Uma viatura mais ecológica mas também mais desportiva.

Executive Digest

Jorge KM Farromba

É sabido que a VW foi a empresa que mais investiu na eletrificação mas também para poder cumprir as rigorosas normas de emissões com médias de CO2 de 95 g/km (neste modelo 36) e, este híbrido, tenta cumprir essa regra, munido do motor 1.4 de 150cv e de um motor elétrico para uma potência combinada de 245cv e cerca de 62km de autonomia em modo elétrico (benéfico em termos fiscais na legislação Portuguesa)



Esteticamente, a marca não muda o desenho tradicional do GOLF. Mais ou menos estilizado mas todos identificamos nele o modelo que foi um sucesso de vendas desde que surgiu. Hoje, surge dotado de pára-choques mais encorpado, faróis de Led e uma barra azul (híbrido) que acompanha horizontalmente toda a dianteira. Certo é que percebemos estar em presença de uma viatura + ecológica mas também mais desportiva.

Já a assinatura luminosa marca presença com o IQ.LIGHT LED Matrix que “mais não é” do que uma iluminação inteligente da estrada, onde, mesmo em máximos, os blocos de LED se adaptam à estrada, desligando alguns dos LEDs, quando em presença do veículo da frente, ou na presença de veículos em sentido contrário, mas somente nos pontos que colidem com as viaturas. Ao vivo, e depois de utilizar o sistema, a questão que fica é, porque não é standard no setor automóvel.

No interior, dominado pelo típico ambiente germânico – minimalista, funcional e sem grande formas do tablier (que bem aprecio) – destaca-se o painel de instrumentos totalmente digital e de fácil leitura, parametrizável segundo o condutor e o ecrã central de boa leitura mas cujo software exige habituação e aprendizagem inicial.

Os bancos do GTE – quase umas baquets – remetem-nos para o passado e para o primeiro VW, por causa do padrão dos bancos. Bem sentados e com uma excelente posição de condução possuímos na consola central aquela que é, quanto a mim, uma das melhorias a ser efetuada pelas marcas na usabilidade.
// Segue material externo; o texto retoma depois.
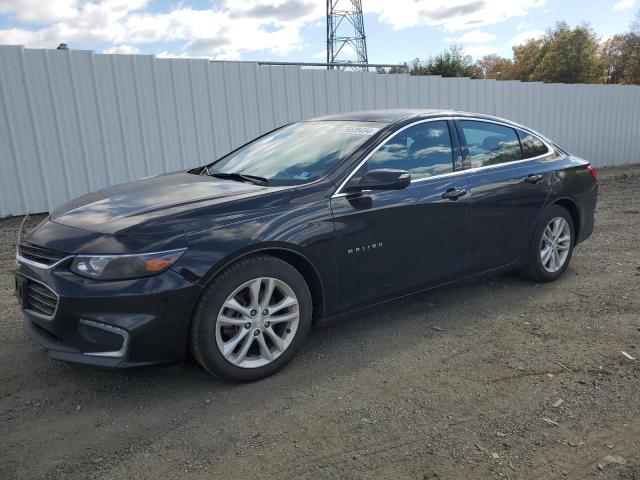 Photo 1 from auction – 2017 CHEVROLET MALIBU LT with VIN 1G1ZE5ST4HF222412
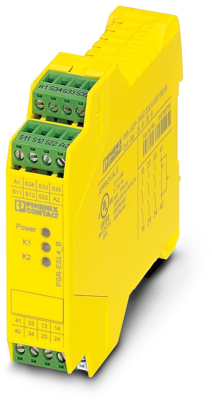 2981059 Phoenix Contact Monitoring Relays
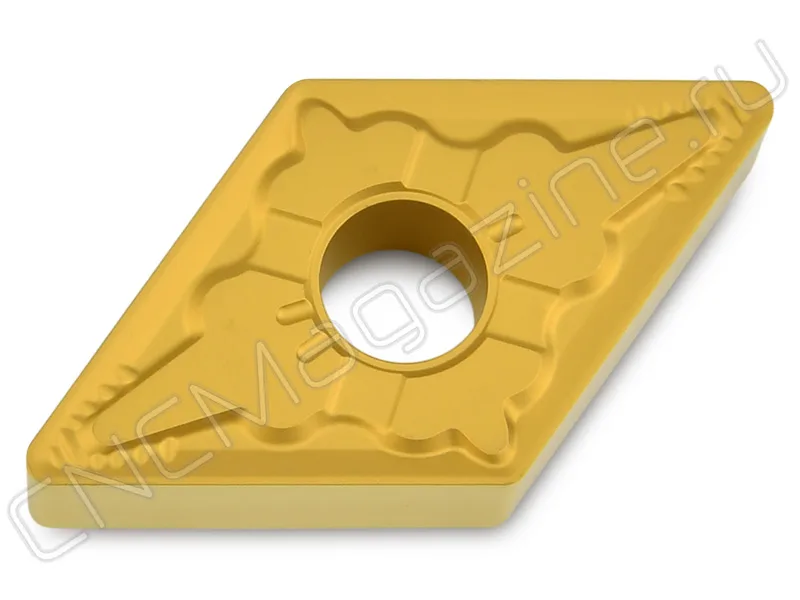 DNMG150608-QM IP4015 пластина для точения Intool, арт. 12452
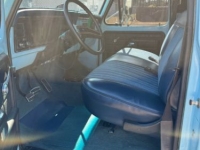 1979 Ford F350 for sale in Michigan (ID-161482)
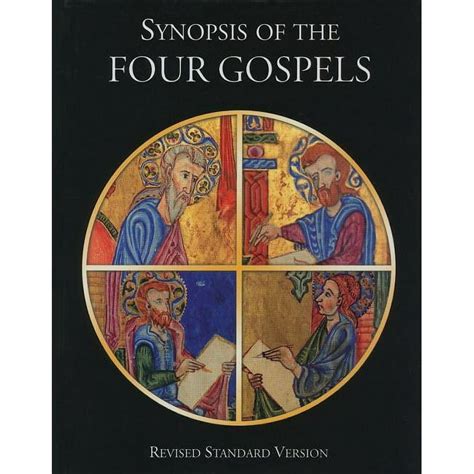 The Four Gospels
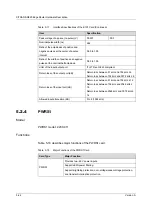 Preview for 82 page of FiberHome CiTRANS R820 Hardware Description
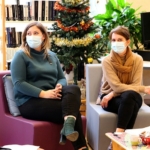 Caf&Doc’ : Le Trauma « De l’événement potentiellement traumatique au syndrome post traumatique » Caf&Doc’ : Le Trauma « De l’événement potentiellement traumatique au syndrome post traumatique »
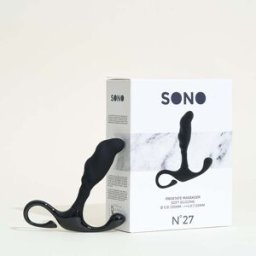 Love Therapy - Masseur Prostatique n°27 Sono - -
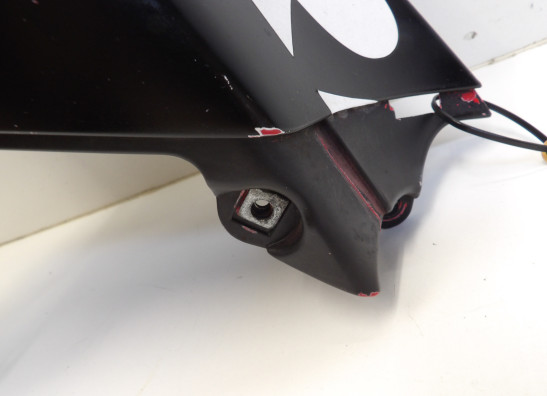 Cowl left upper  Honda CBR 600 F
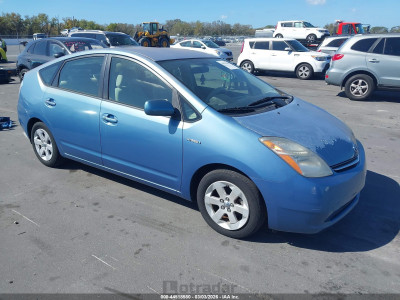 Toyota Prius 2008 JTDKB20U587802886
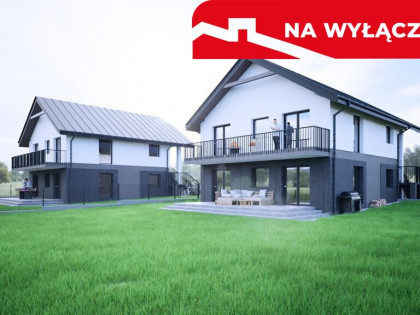 Gotowa inwestycja deweloperska.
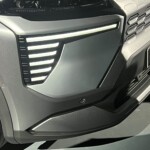 Mitsubishi Eclipse Cross 2026 -Mitsubishi wird (wieder) elektrisch 9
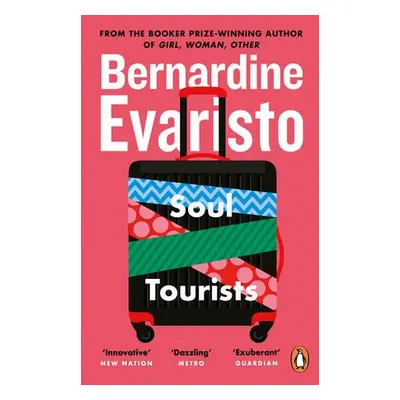 Soul Tourists - Evaristo, Bernardine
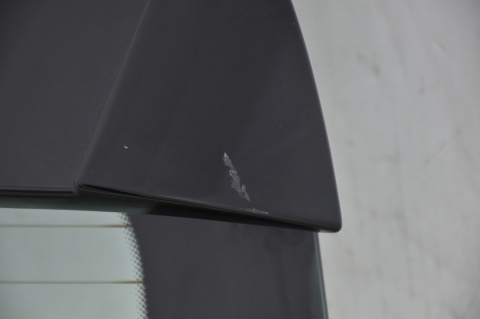 KLAPA TYLNA TYŁ BMW X3 E83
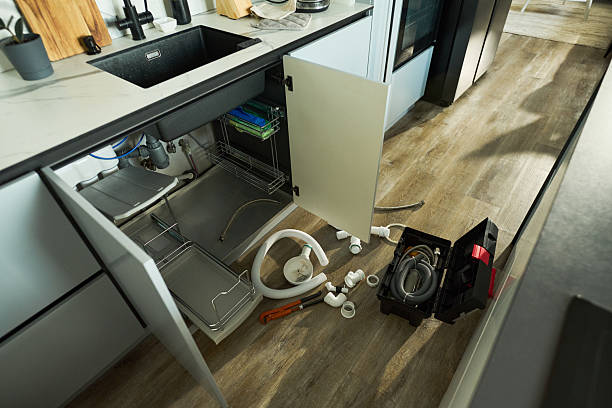 Reliable Plumbing contractor in Wayne, IL by Street Wise - Plumbing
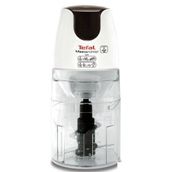 Tefal MasterChop 500 W Beyaz 4 Bıçaklı Beyaz Doğrayıcı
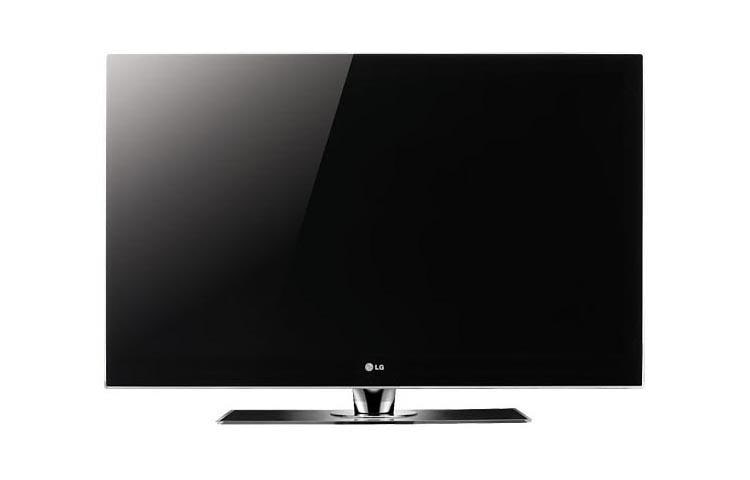 LG 55LE7300: 55 inch Full HD 1080p 120Hz LED LCD TV (54.6 ...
Assim que se entra no carro, o sistema devia detetar a chave e, automaticamente, não ser necessário ter o botão de start, bem como, ao desligar o sistema, automaticamente ligar o travão de mão automático e o Park. Com isto eliminamos botões e melhoramos a usabilidade.
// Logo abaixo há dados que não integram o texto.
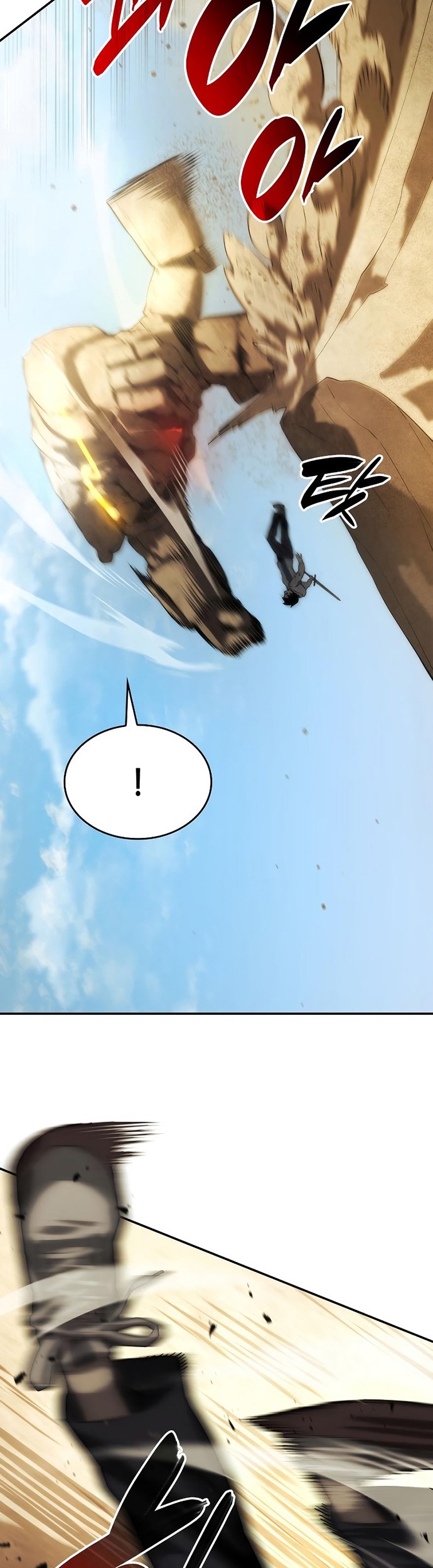 Boundless Necromancer Chapter 02 Gambar 28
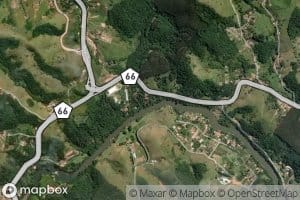 Crrego da Fazenda do Doutor Maneco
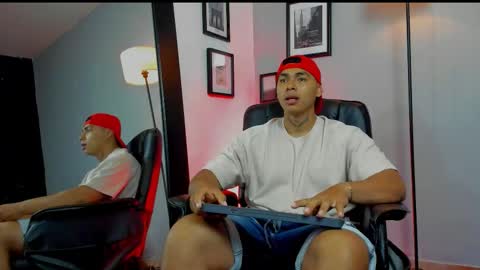 RonnieCanford online show from 22, 3, 2026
Encontra-se também disponível o sistema para circular em modo elétrico e híbrido, e para selecionar o modo de condução –, Eco, Comfort, Sport e Individual, onde as diferenças são mesmo óbvias, desde o “cordeiro” ao “lobo”.

E, no terreno?
Bom, saí da Azambuja com 560kms de autonomia e bateria carregada. Circulei em modo híbrido e Eco, diria que, calmamente, mantendo em estrada e autoestrada as velocidades permitidas, algumas ultrapassagens, subidas e descidas, duas ou três interações em modo sport e depois de … 243kms parei com 475kms de autonomia!!! Interessante. Obviamente consigo “derreter” esta autonomia, somente em modo Sport e exigindo a totalidade dos cvs mas, não creio ser isso que se pretendia com o ensaio.

Mais leituras no ensaio!
Continuo a apreciar o conforto germânico. Desde os bancos rijos até ao modo como a suspensão firme mas confortável, pisa o asfalto. A direção é bastante comunicativa e o comportamento em curva muito eficaz, com um competente caixa automática (com patilhas no volante que quase me esqueci de utilizar)

Em resumo, O GOLF mantém intactas as qualidades que sempre o caracterizaram. É daqueles modelos que não engana. Faz quase tudo com eficácia. Atualiza-se e inova-se constantemente e apresenta detalhes que o destacam no mercado.

Num registo mais pessoal, referir que, todas as marcas apresentam hoje sistemas de segurança passiva e ativa fantásticos, como deteção de peões, deteção e travagem automática (possível acidente), sistema de manutenção de faixa de rodagem, de deteção de fadiga, sistemas de iluminação ativos, já para não falar dos ABS, ESP e afins. Quando pensarmos que estes novos automóveis além de poluírem menos, salvam vidas, previnem acidentes (e suas consequências, seja em meio hospitalar, reabilitação e vidas humanas) dever-se-ia repensar este setor e renovar o envelhecido parque automóvel Português

– qualidade de construção, comportamento e soluções tecnológicas

– aprendizagem do software do ecrã central.